Okay, so much for the characters and their weapons. Now for the setting.
To a considerable extent, it’s necessary to just make a guess at locations for the Arthur legend. Some can be identified, others guessed at with fair probability of being correct—or at least reasonable. Others . . . well, some are just flat out guesses.
So, let’s start with Arthur’s birthplace, Tintagel. This, at least, is one legendary location that can be placed absolutely—whether or not the legend about Arthur’s birth has any historical basis.

There it is on the northern coast of Dumnonia . . . Cornwall, now. (Well, as nearly as I could place it, anyway.)
Of course, in the fifth century, Tintagel would not have been a medieval-style castle. More like the coastal version of an Iron Age hillfort, a promontory fort, substituting steep cliffs and the sea for embankments around most of the protected area. Though the current ruins are of a castle built after the Norman Conquest, there is archaeological evidence of a high-status late or post-Roman dwelling at Tintagel, possibly a trading center with ties not only to Gaul, but also to the Mediterranean and North Africa, judging by the luxury items found during excavations. There seems to have been a path down the eastern cliffs to a small cove.
In fact, it’s a little hard to see why anyone would have wanted to build a castle there. It was hardly necessary. By itself, Tintagel would have been supremely defensible.

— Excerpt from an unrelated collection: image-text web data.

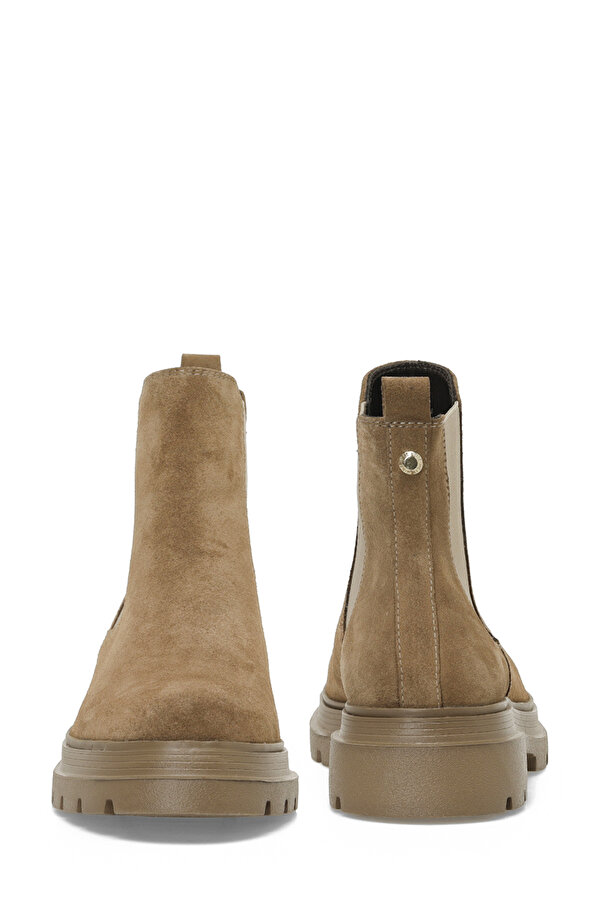 Nine West ECRU 4PR Taba Kadın Chelsea Bot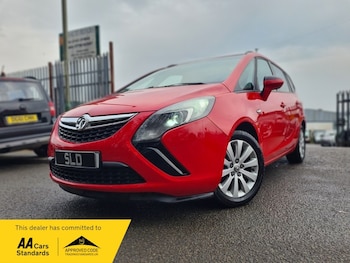 Used Vauxhall Zafira 2016 for sale - 77766028: Photo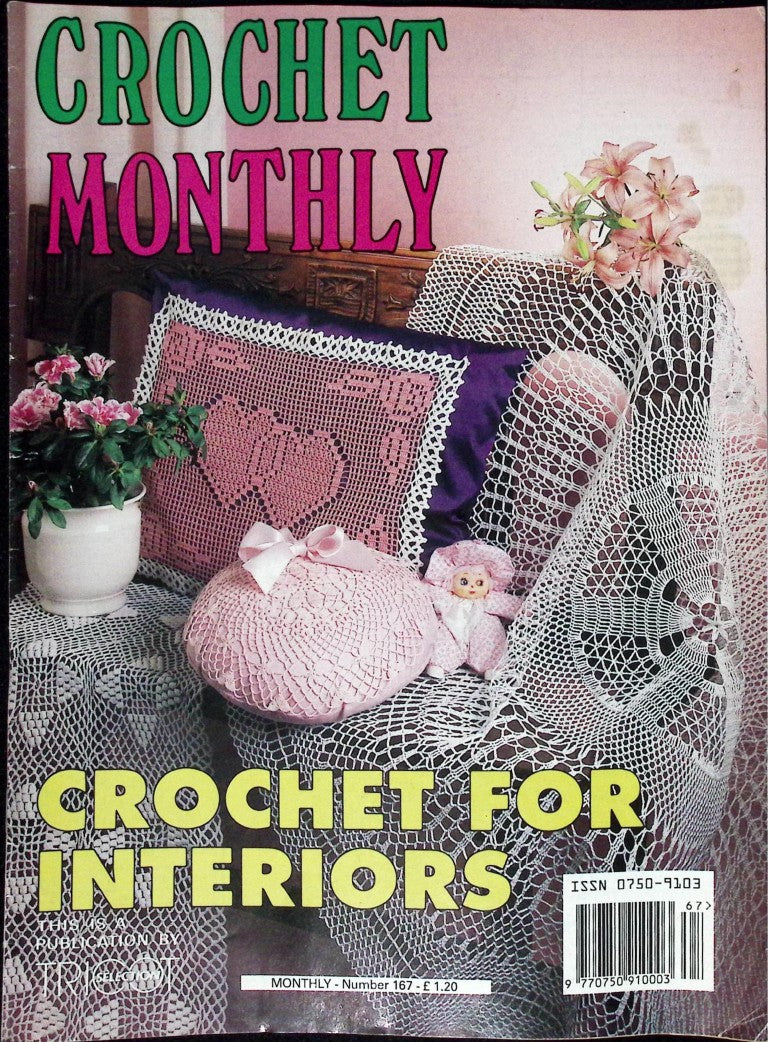 Crochet Monthly Number 167 — Les Éditions de Saxe, 1993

Now an island, Tintagel would have been on a headland, connected to mainland Cornwall (Dumnonia) by a narrow ridge. And, during the Dark Ages, a ditch and embankment earthwork narrowed the approach to the ridge. Although the area within the defenses ran for half a mile from the gate and about a quarter mile across, the usable space was more likely to be between ten and twenty acres—within the same size range as most hillforts.
For a bit of fun, a sea cave, called Merlin’s Cave, runs right through the island near the landward side.